Provably Stable Flux Reconstruction High-Order Methods on Curvilinear Elements

Provably stable flux reconstruction (FR) schemes are derived for partial differential equations cast in curvilinear coordinates. Specifically, energy stable flux reconstruction (ESFR) schemes are considered as they allow for design flexibility as well as stability proofs for the linear advection problem on affine elements. Additionally, split forms are examined as they enable the development of energy stability proofs. The first critical step proves, that in curvilinear coordinates, the discontinuous Galerkin (DG) conservative and non-conservative forms are inherently different--even under exact integration and analytically exact metric terms. This analysis demonstrates that the split form is essential to developing provably stable DG schemes on curvilinear coordinates and motivates the construction of metric dependent ESFR correction functions in each element. Furthermore, the provably stable FR schemes differ from schemes in the literature that only apply the ESFR correction functions to surface terms or on the conservative form, and instead incorporate the ESFR correction functions on the full split form of the equations.
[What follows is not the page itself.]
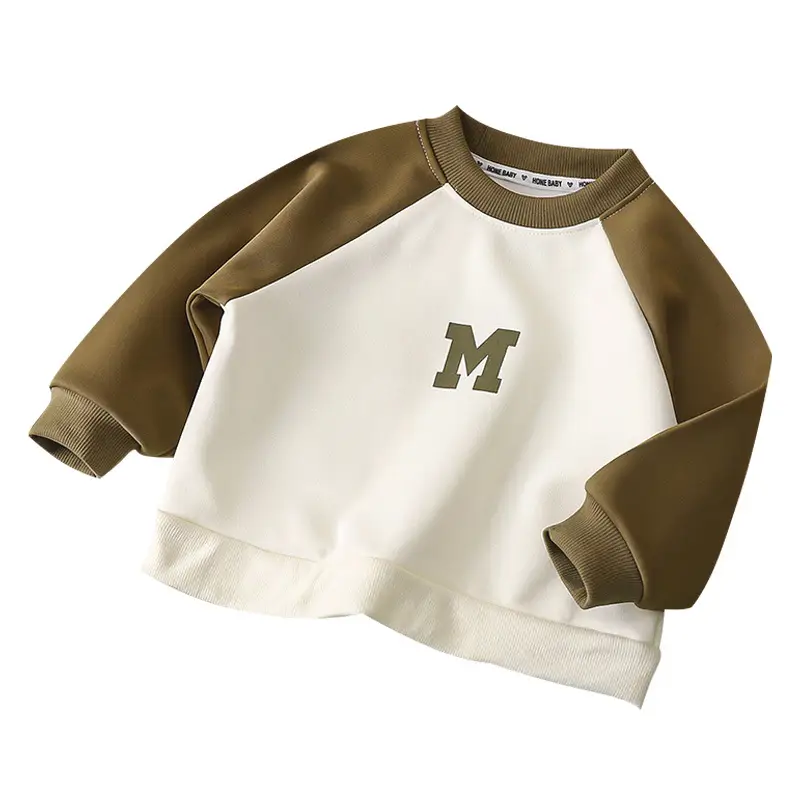 2026 Boys' Korean Style Sweatshirt T-Shirt Brown Blue - Image 7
It is demonstrated that the scheme is divergent when the correction functions are only used for surface reconstruction in curvilinear coordinates. We numerically verify the stability claims for our proposed FR split forms and compare them to ESFR schemes in the literature. Lastly, the newly proposed provably stable FR schemes are shown to obtain optimal orders of convergence. The scheme loses the orders of accuracy at the equivalent correction parameter value c as that of the one-dimensional ESFR scheme.